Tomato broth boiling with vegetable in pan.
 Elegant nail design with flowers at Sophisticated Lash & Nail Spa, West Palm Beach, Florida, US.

---

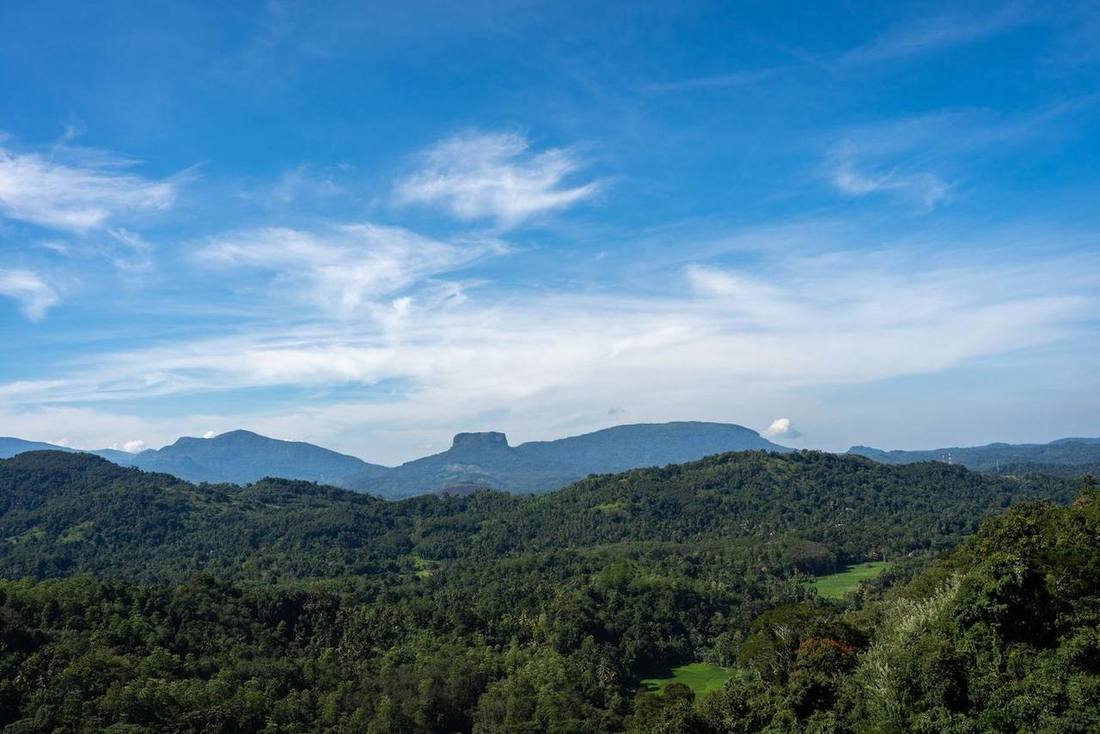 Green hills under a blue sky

---

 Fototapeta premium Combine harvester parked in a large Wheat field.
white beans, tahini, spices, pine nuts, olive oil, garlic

**Task instructions:**
Reproduce only the lines above, starting at the line with "Tomato broth boiling with vegetable in pan." and ending at the line with "Elegant nail design", exactly as written.

**Answer space:**
Tomato broth boiling with vegetable in pan.
 Elegant nail design with flowers at Sophisticated Lash & Nail Spa, West Palm Beach, Florida, US.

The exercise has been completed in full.